RRPJ: result-rate based progressive relational join

  • Authors:
  • Wee Hyong Tok;Stéphane Bressan;Mong-Li Lee

  • Affiliations:
  • School of Computing, National University of Singapore;School of Computing, National University of Singapore;School of Computing, National University of Singapore

  • Venue:
  • DASFAA'07 Proceedings of the 12th international conference on Database systems for advanced applications
  • Year:
  • 2007

Quantified Score

Hi-index 0.00

Visualization

Abstract

Progressive join algorithms are join algorithms that produce results incrementally as input data is available. Because they are nonblocking, they are particularly suitable for online processing of data streams. Reference algorithms of this family are the symmetric hash join, the X-join and more recently, the rate-based progressive join (RPJ).

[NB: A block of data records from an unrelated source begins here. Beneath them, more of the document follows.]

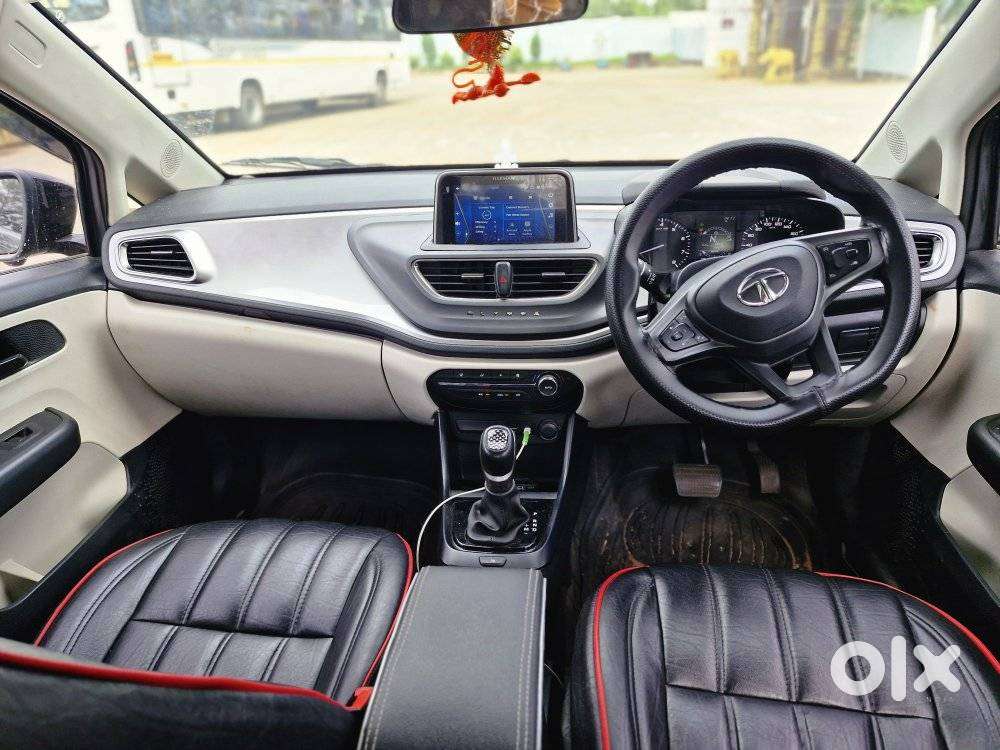 Tata Altroz Xta Petrol, 2025, Petrol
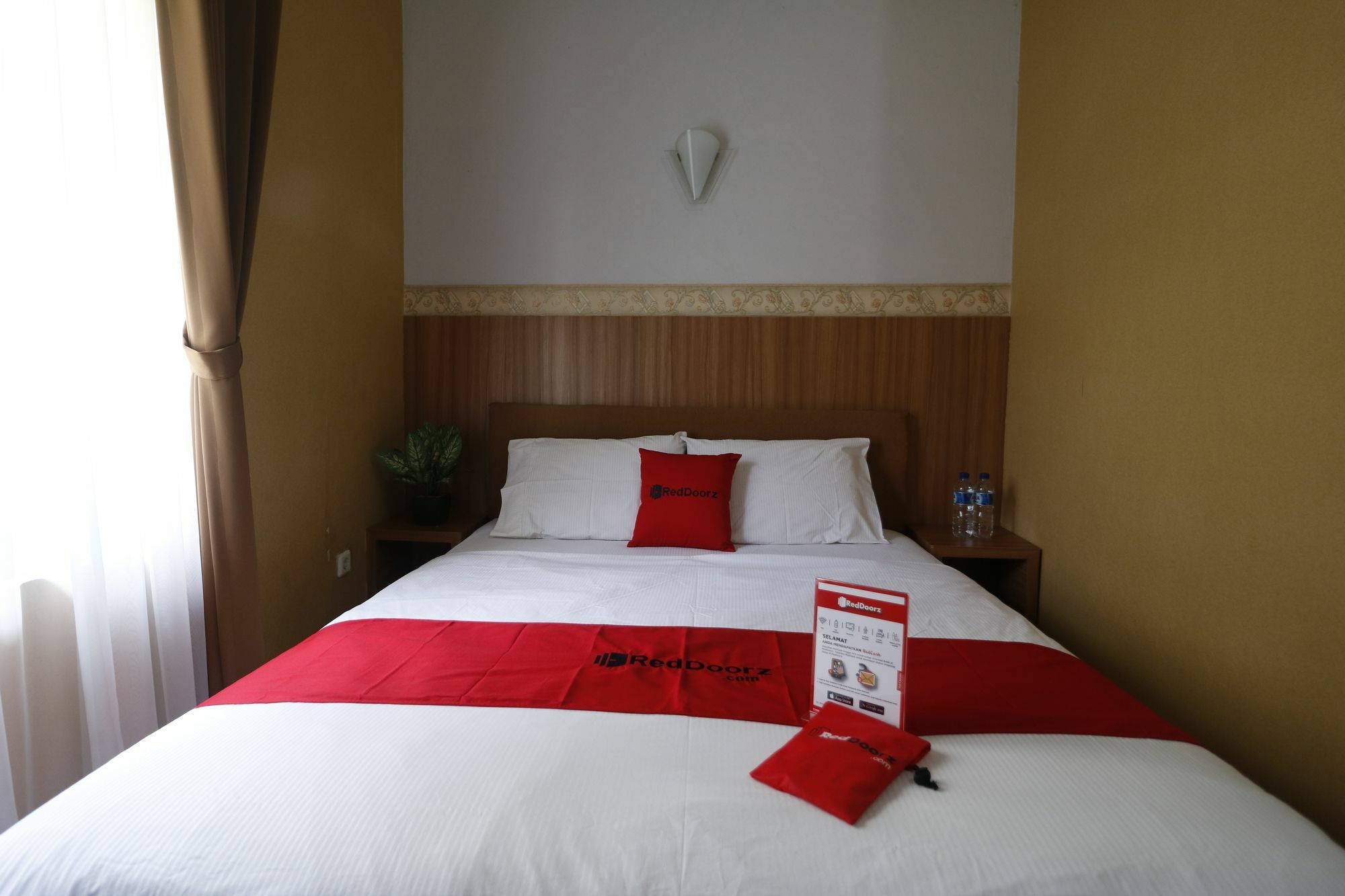 Hotel Reddoorz Plus Near Undip Tembalang à Semarang Extérieur photo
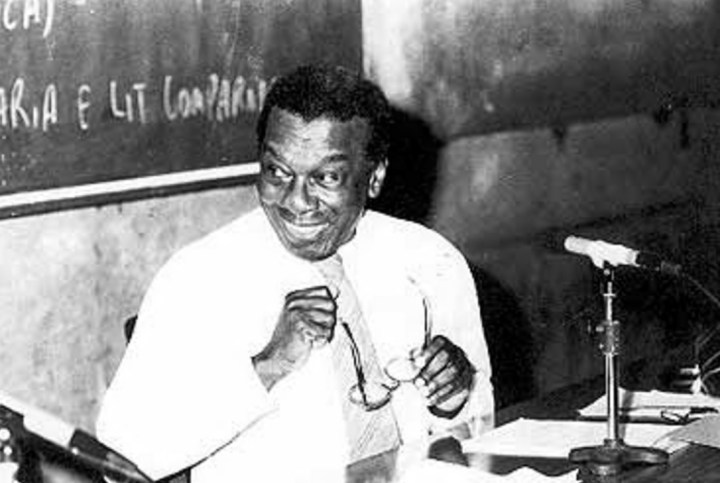 milton-santos-geografo-brasileiro-sala-de-aula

While the symmetric hash join introduces the idea of a symmetric processing of the input streams but assumes sufficient main memory, the X-Join suggests that the processing can scale to very large amounts of data if main memory is regularly flushed to disk, and a reactive/cleanup phase is triggered for disk-resident data. The X-join flushing strategy is based on a simple largest-first strategy, where the largest partition is flushed to disk. The recently proposed RPJ predicts the main memory tuples or partitions that should be flushed to disk in order to maximize throughput by computing their probabilities to contribute to a result. In this paper, we discuss the limitations of RPJ and propose a novel extension, called Result Rate-based Progressive Join (RRPJ), which addresses these limitations. Instead of computing the probabilities from statistics over the input data, RRPJ directly observes the output (result) statistics. This not only yields a better performance, but also simplifies the generalization of the algorithm to non-relational data such as multidimensional data and hierarchical data. We empirically show that RRPJ is effective and efficient and outperforms the state-of-art RPJ. We also investigate the relevance and performance of an adaptive version of these algorithms using amortization parameters.